Working data:

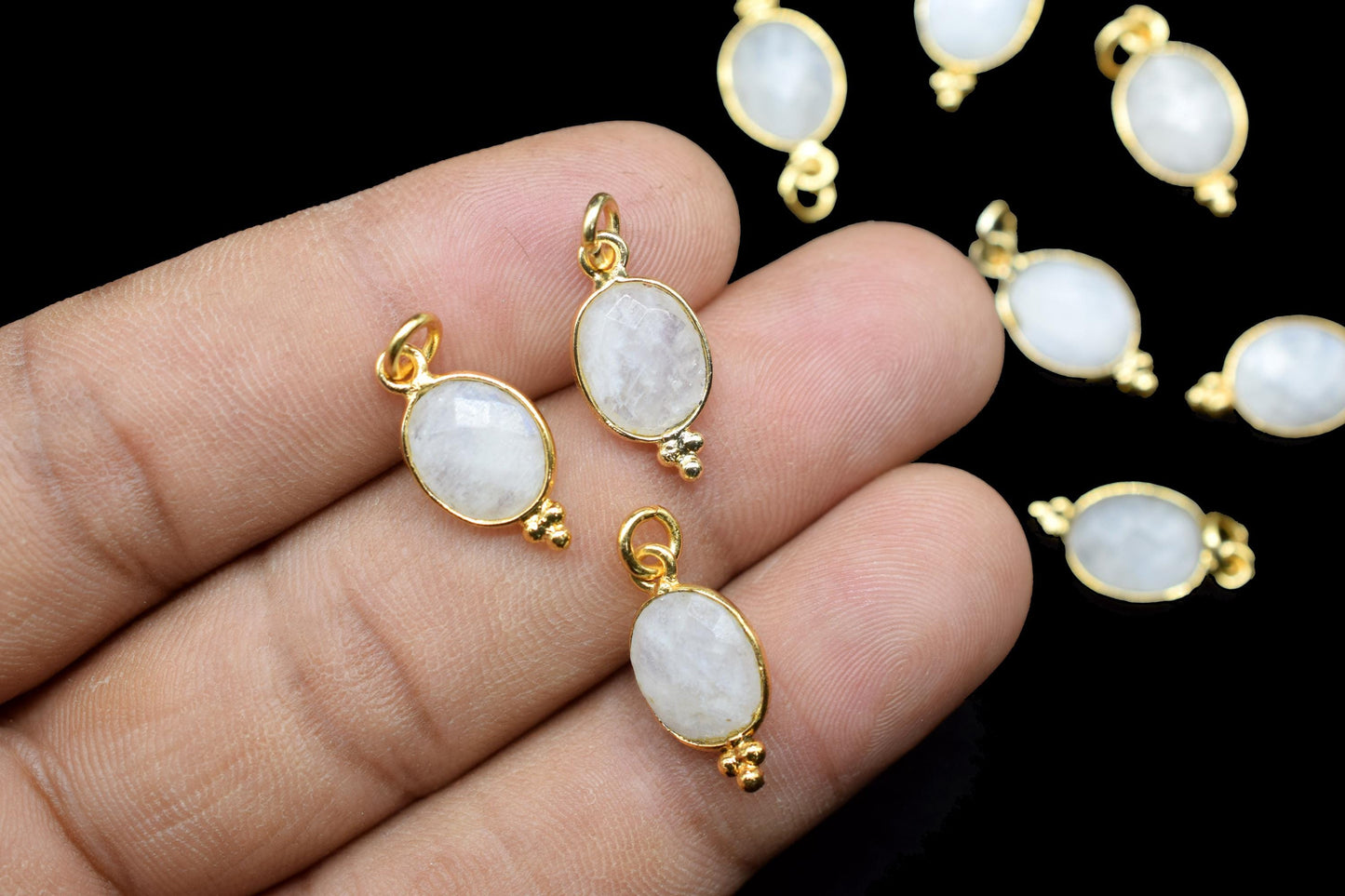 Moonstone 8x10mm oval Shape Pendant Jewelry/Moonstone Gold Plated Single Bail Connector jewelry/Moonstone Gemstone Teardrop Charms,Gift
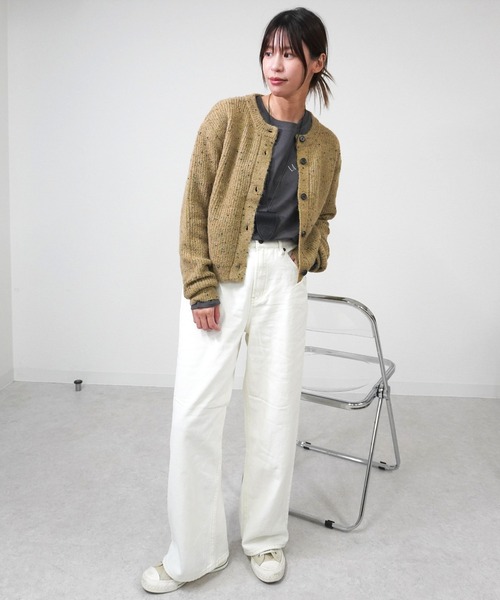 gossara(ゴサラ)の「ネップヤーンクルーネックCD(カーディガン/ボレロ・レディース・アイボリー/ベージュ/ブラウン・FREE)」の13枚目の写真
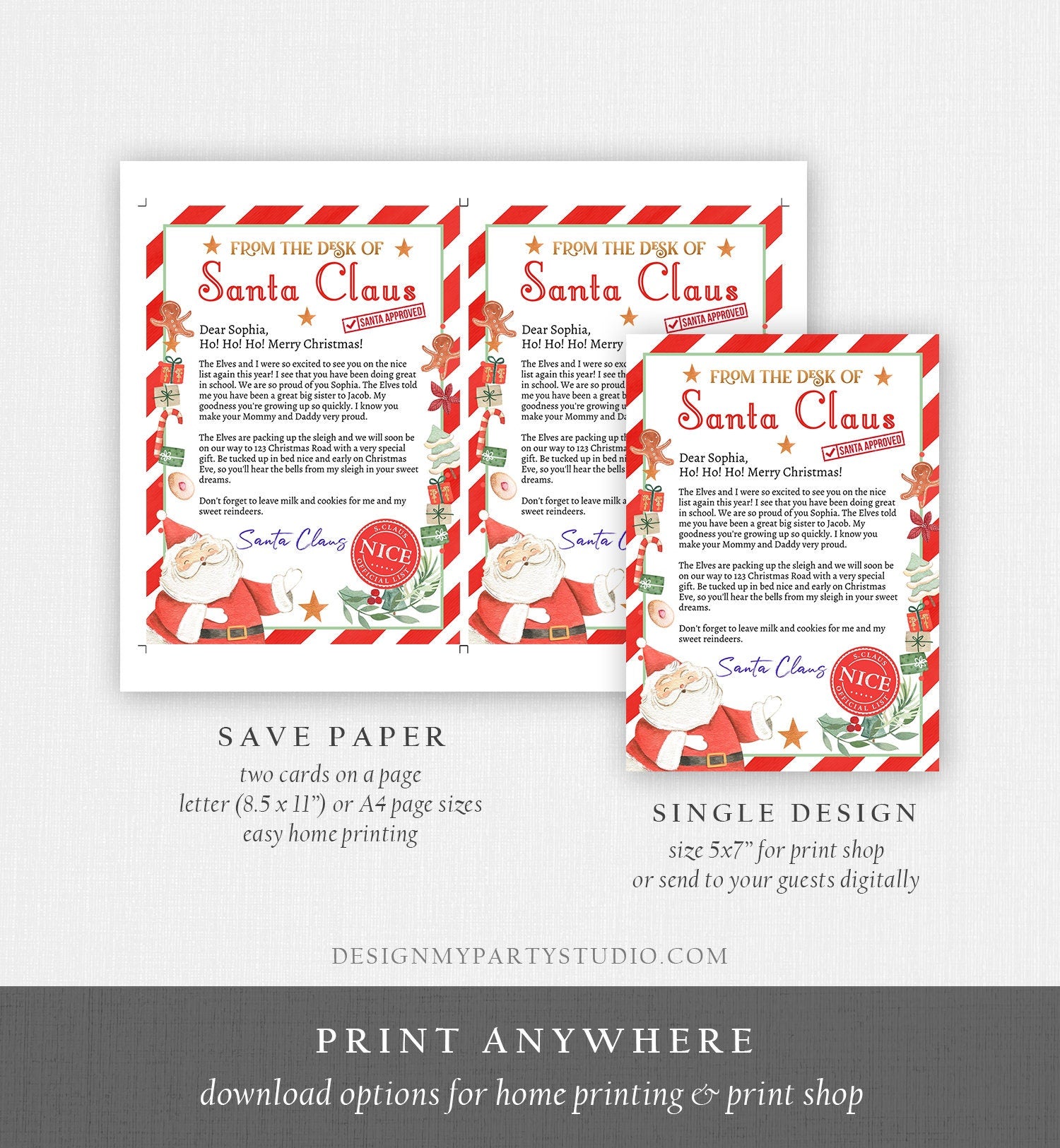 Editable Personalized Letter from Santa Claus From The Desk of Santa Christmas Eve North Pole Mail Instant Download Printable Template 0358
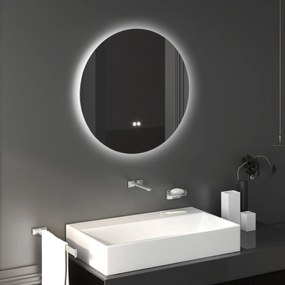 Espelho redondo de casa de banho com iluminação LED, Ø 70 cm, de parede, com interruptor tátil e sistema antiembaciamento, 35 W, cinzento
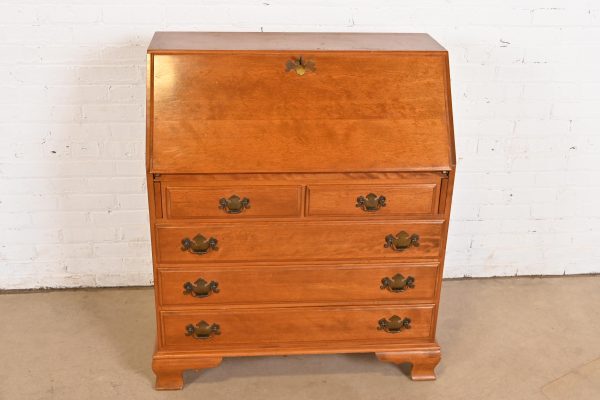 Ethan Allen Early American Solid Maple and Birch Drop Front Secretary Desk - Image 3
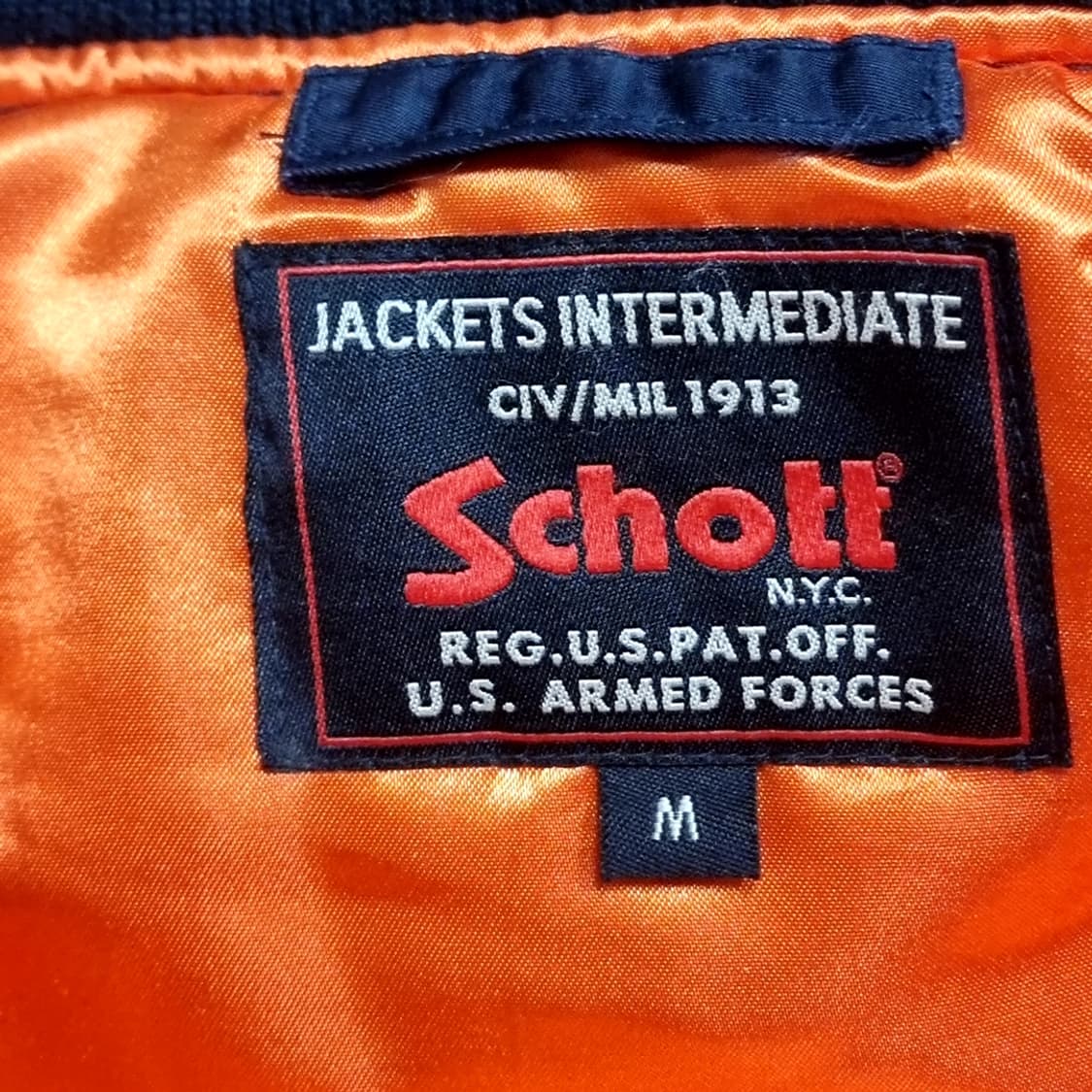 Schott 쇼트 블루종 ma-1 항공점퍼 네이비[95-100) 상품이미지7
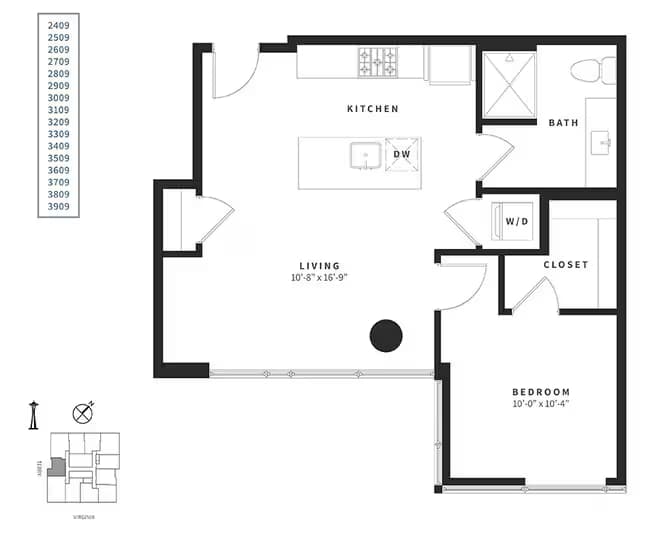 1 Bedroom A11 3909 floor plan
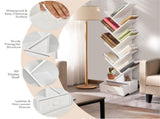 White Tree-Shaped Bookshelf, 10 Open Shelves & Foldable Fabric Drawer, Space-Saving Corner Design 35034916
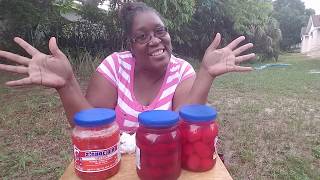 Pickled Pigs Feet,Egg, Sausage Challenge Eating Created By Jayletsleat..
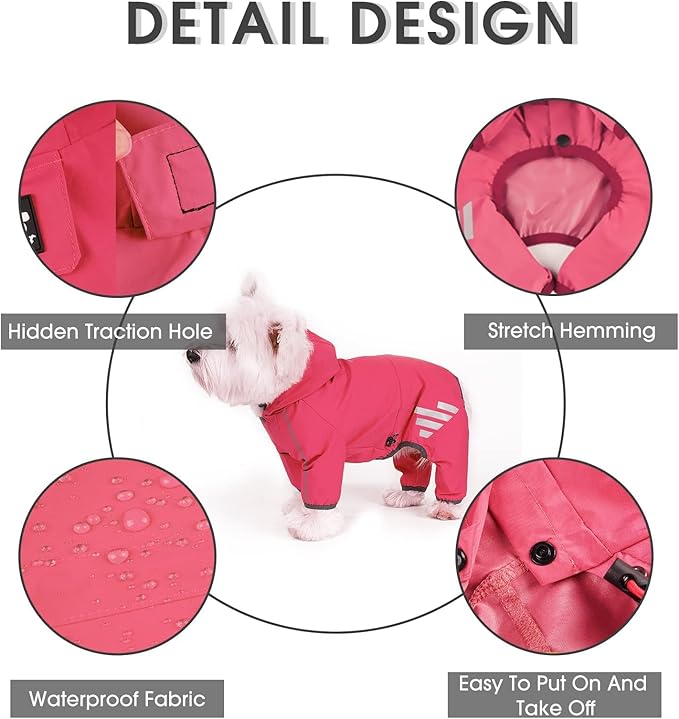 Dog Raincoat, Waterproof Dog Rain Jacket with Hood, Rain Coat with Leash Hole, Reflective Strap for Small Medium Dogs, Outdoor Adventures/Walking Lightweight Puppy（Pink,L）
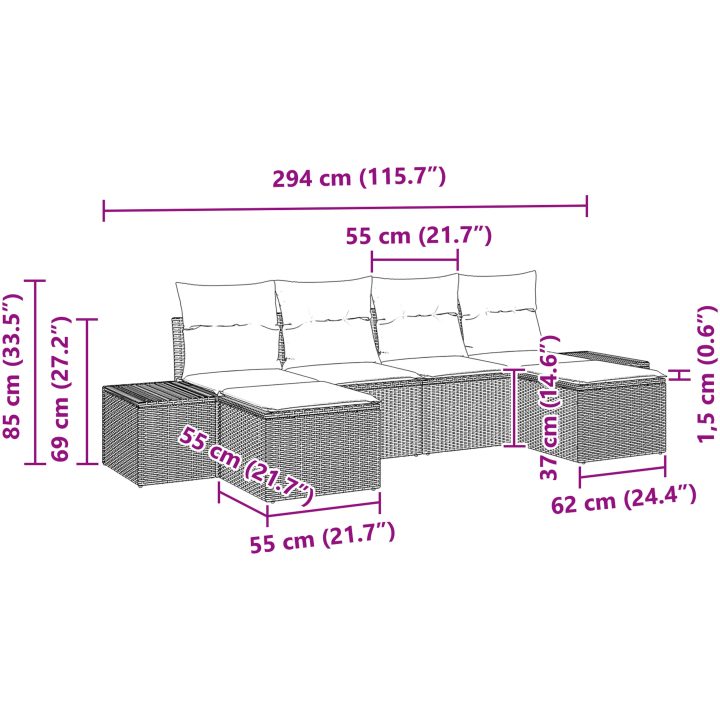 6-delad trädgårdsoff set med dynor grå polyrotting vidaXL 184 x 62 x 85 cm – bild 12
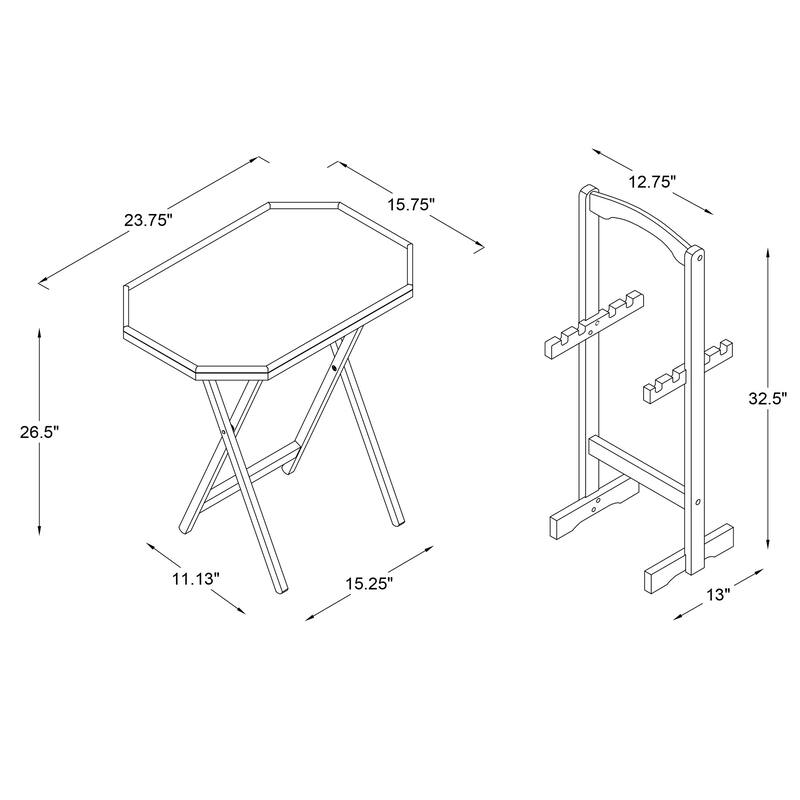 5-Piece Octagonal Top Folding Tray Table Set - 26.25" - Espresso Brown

Task requirements: Give the listing above again exactly, minus any images.

Result:
 Moonstone 8x10mm oval Shape Pendant Jewelry/Moonstone Gold Plated Single Bail Connector jewelry/Moonstone Gemstone Teardrop Charms,Gift
 gossara(ゴサラ)の「ネップヤーンクルーネックCD(カーディガン/ボレロ・レディース・アイボリー/ベージュ/ブラウン・FREE)」の13枚目の写真
 Editable Personalized Letter from Santa Claus From The Desk of Santa Christmas Eve North Pole Mail Instant Download Printable Template 0358
 Espelho redondo de casa de banho com iluminação LED, Ø 70 cm, de parede, com interruptor tátil e sistema antiembaciamento, 35 W, cinzento
 Ethan Allen Early American Solid Maple and Birch Drop Front Secretary Desk - Image 3
 Schott 쇼트 블루종 ma-1 항공점퍼 네이비[95-100) 상품이미지7
 1 Bedroom A11 3909 floor plan
 White Tree-Shaped Bookshelf, 10 Open Shelves & Foldable Fabric Drawer, Space-Saving Corner Design 35034916
 Pickled Pigs Feet,Egg, Sausage Challenge Eating Created By Jayletsleat..
 Dog Raincoat, Waterproof Dog Rain Jacket with Hood, Rain Coat with Leash Hole, Reflective Strap for Small Medium Dogs, Outdoor Adventures/Walking Lightweight Puppy（Pink,L）
 6-delad trädgårdsoff set med dynor grå polyrotting vidaXL 184 x 62 x 85 cm – bild 12
 5-Piece Octagonal Top Folding Tray Table Set - 26.25" - Espresso Brown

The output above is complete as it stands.